Can I just tell you that I felt absolute and total relief at this decision? Boy, was I glad to have some of “my” time back. I felt like I had just hit the lottery and I was thinking of all the ways I could spend my money; except in this case the currency was my time. I was actually giddy at the prospect of so much “extra” time.
Last night was the first night she would have been at swim. While, I did get a lot accomplished – the reality is I only had about an “extra” hour. In my mind, I should have had enough extra time to create domestic bliss. In reality, I just had enough time to cook dinner before 8pm. I’ve discovered that being busy is more mentally overwhelming than time consuming. When people ask, “how are you?”, my automatic response was always “BUSY!” If you asked me busy doing what, I’d be all…. you know the kids… and the swim…. and the stuff.
Sure, I was/am busy. If you are a living being, you are busy. It’s just the nature of life. We have things to do, places to be. While I feel like I couldn’t possibly squeeze in one more thing, my busy pales in comparison to someone else’s, I’m sure. It’s all relative.
While logistically speaking I only have an extra hour or so, mentally that hour makes a huge difference. I don’t have to think about whose turn it is to drop off or pick up for the car pool. I don’t have to worry that I’ll have to convince her to go to swim because she’s burned out. I don’t have to stress about fitting in a work out before we leave for swim or if I’ll have the energy to do it afterward. I don’t have to stress about when I’ll have time to get dinner on the table.
My thoughts are no longer overwhelmed with the busyness.

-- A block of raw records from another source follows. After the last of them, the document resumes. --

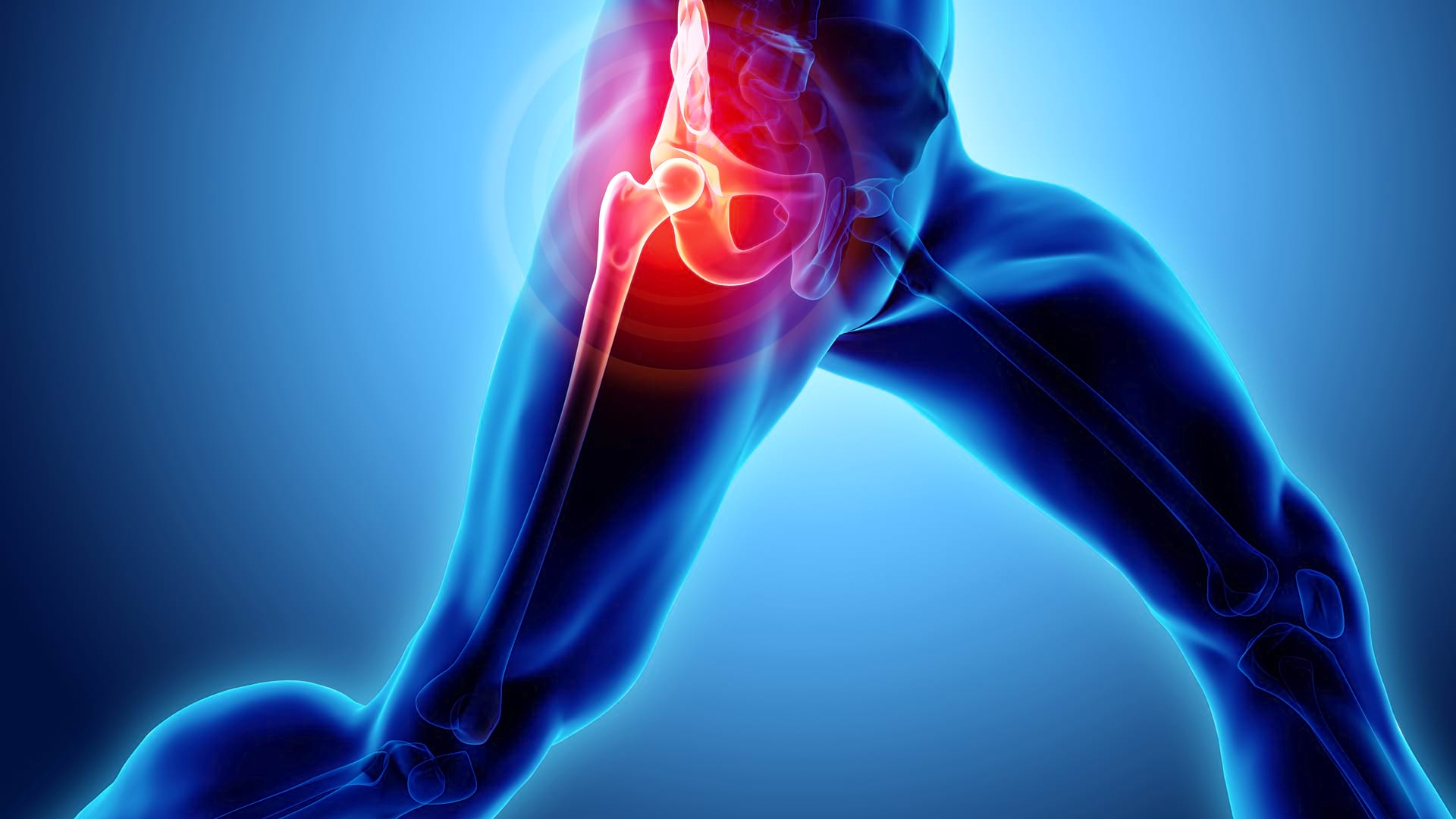 Durerea de genunchi : Cauze, factori predispozanti, tratament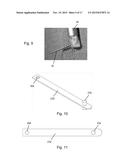 METHOD OF PERFORMING SACROILIAC FUSION diagram and image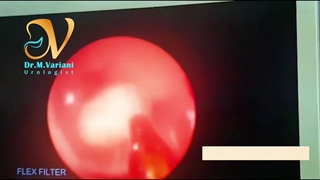 درمان سنگ کلیه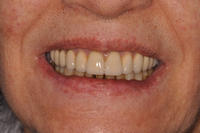 hopeless-teeth-periodontal-disease-after.jpg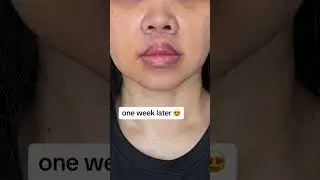 Lip Lift Surgery Results 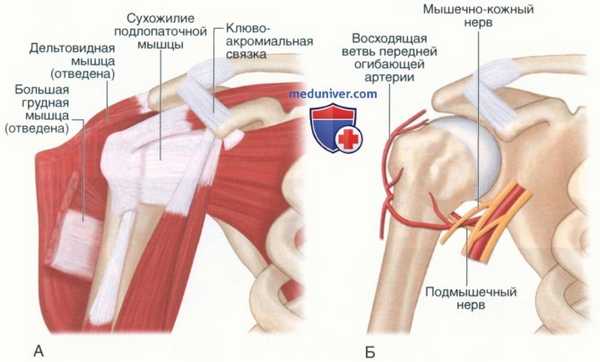 Операция поверхностного эндопротезирования головки плеча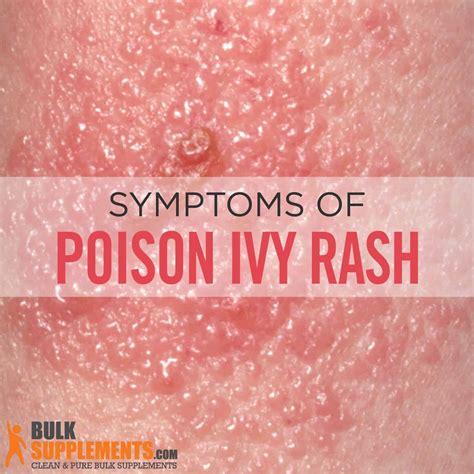 Poison Ivy Rash: Stages, Causes, Symptoms & Treatment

After only one day, I feel much more relaxed and less strangled by the anxiety of doing it all. As parents, we adapt and somehow fit it all in. Our kids somehow get where they need to be – when they need to be. We figure out how to make it happen, pay for it, and cheer them on even when we are physically and mentally broke. We do it for them and wouldn’t change a thing.
What I’ve learned from my extra hour is that stressing about busy isn’t worth it. I will make it happen one way or another. My kids eat dinner, even if it is at an ungodly hour and was perhaps served through a window. They will be at their activities when they are supposed to. The laundry will (eventually) get done. Everything that has to be done, will get done. I mean, it won’t make the cover of Martha Stewart – Living, but you know, whatever. Stressing over being busy is way harder than actually being busy.
“Each person deserves a day away in which no problems are confronted, no solutions searched for. Each of us needs to withdraw from the cares which will not withdraw from us.” Maya Angelou
I’ve taken a deep breath and I’m enjoying my extra hour while it lasts. And when she finds another sport or activity she wants to try (because she totally will) I will get her there, probably close to on time and maybe even in clean clothes.